**ASSIGNMENT**
Please copy, word for word, the line holding "Wizard Boy Clear" and each line that follows it through the end of the entries, omitting any pictures.

**RECORDS PROVIDED**
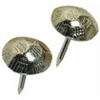 No. 1009L Hammered Nickel 1/2" Shank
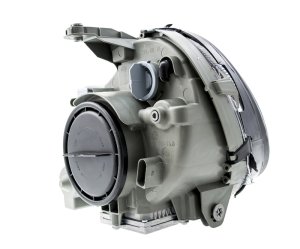 Mercedes-Benz CLK550 Headlight Assembly - Front - Hella - Halogen - `07-`09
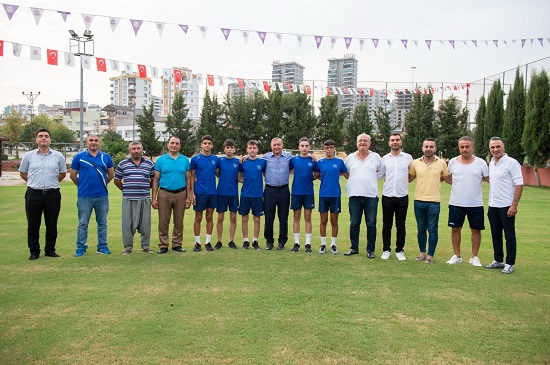 Seyhan Belediyespor’lu beş futbolcu Adana Demirspor’da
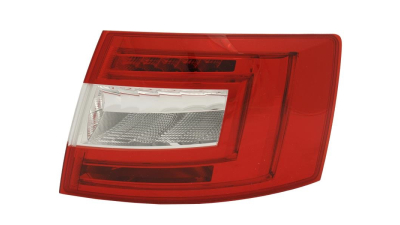 Stop spate lampa Skoda Octavia 3 (5e), 01.2013-05.2017, Liftback, partea Dreapta, H21W+LED+PY21W; fara soclu bec; Omologare: ECE, TYC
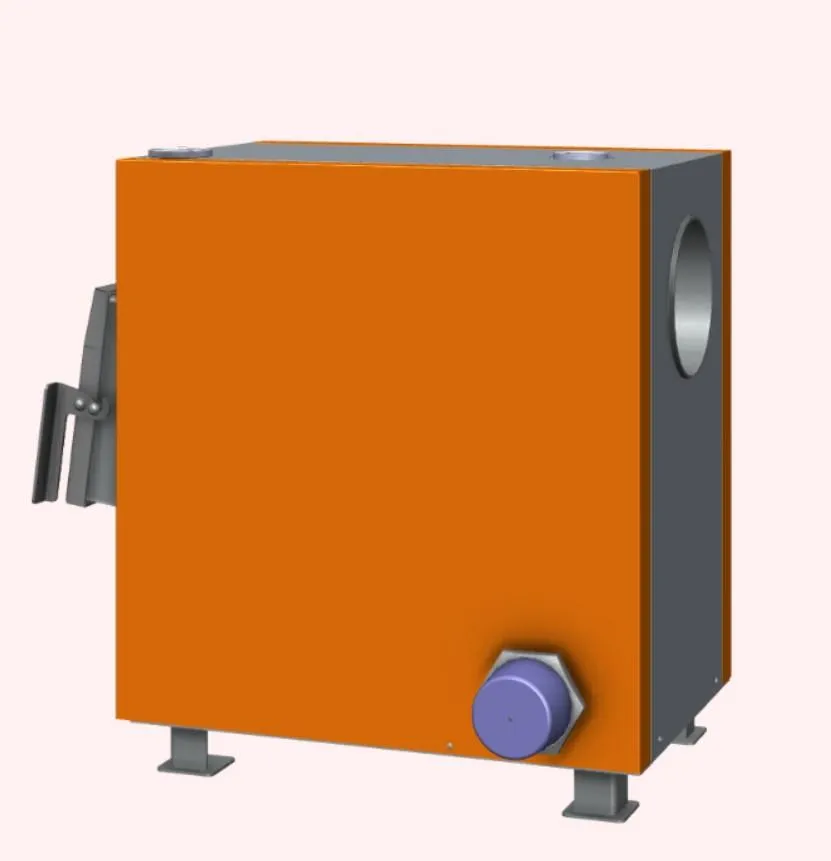 Твердотопливный котел Титан 10 М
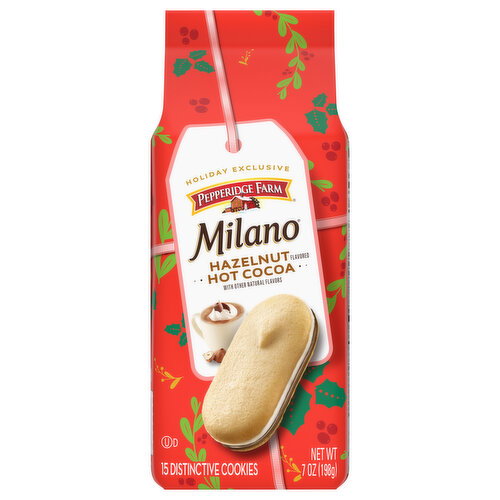Pepperidge Farm Cookies, Distinctive, Hazelnut Hot Cocoa Image 1 of 6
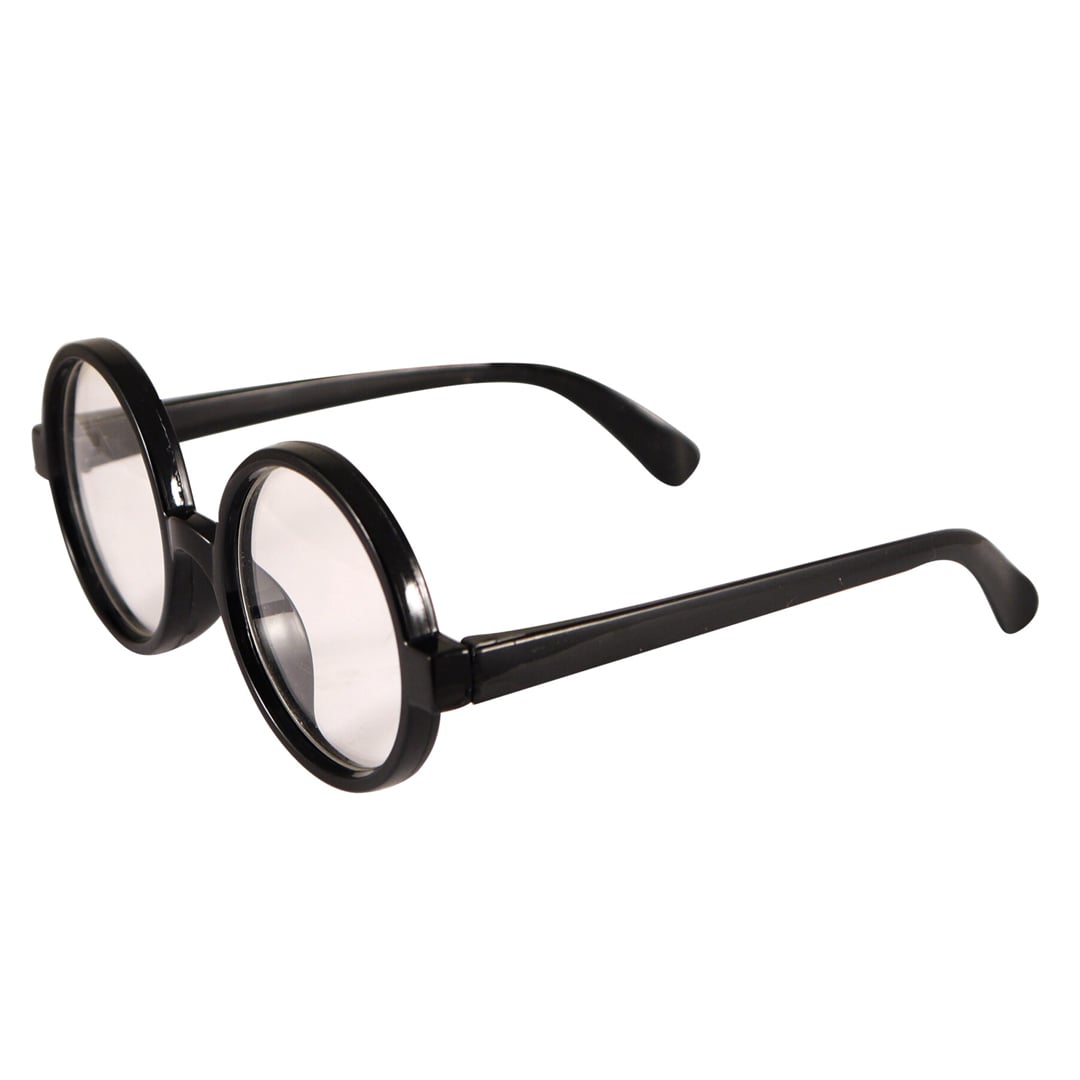 Wizard Boy Clear Lenses Plastic Novelty Glasses Product Gallery Image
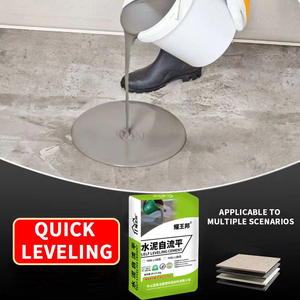 Poudre de construction auto-nivelante blanche pour sol en gros Micro Portland en usine colle à haute viscosité pour carrelage - Product Image 2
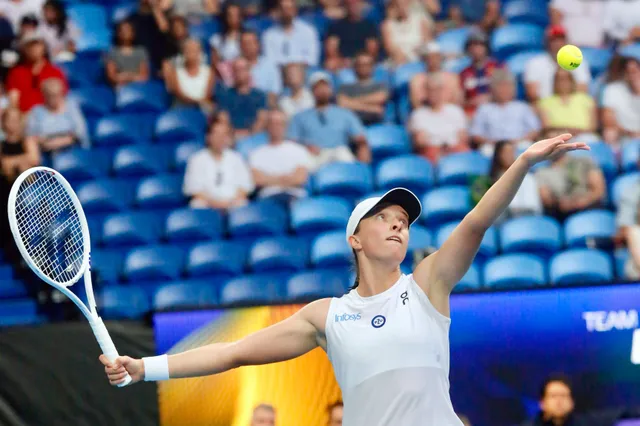 MATCH REPORT | 2024 Australian Open: Iga SWIATEK's strong start, defeating Sofia KENIN in thrilling battle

**EXERCISE RESULT**
 Wizard Boy Clear Lenses Plastic Novelty Glasses Product Gallery Image
 Poudre de construction auto-nivelante blanche pour sol en gros Micro Portland en usine colle à haute viscosité pour carrelage - Product Image 2
 MATCH REPORT | 2024 Australian Open: Iga SWIATEK's strong start, defeating Sofia KENIN in thrilling battle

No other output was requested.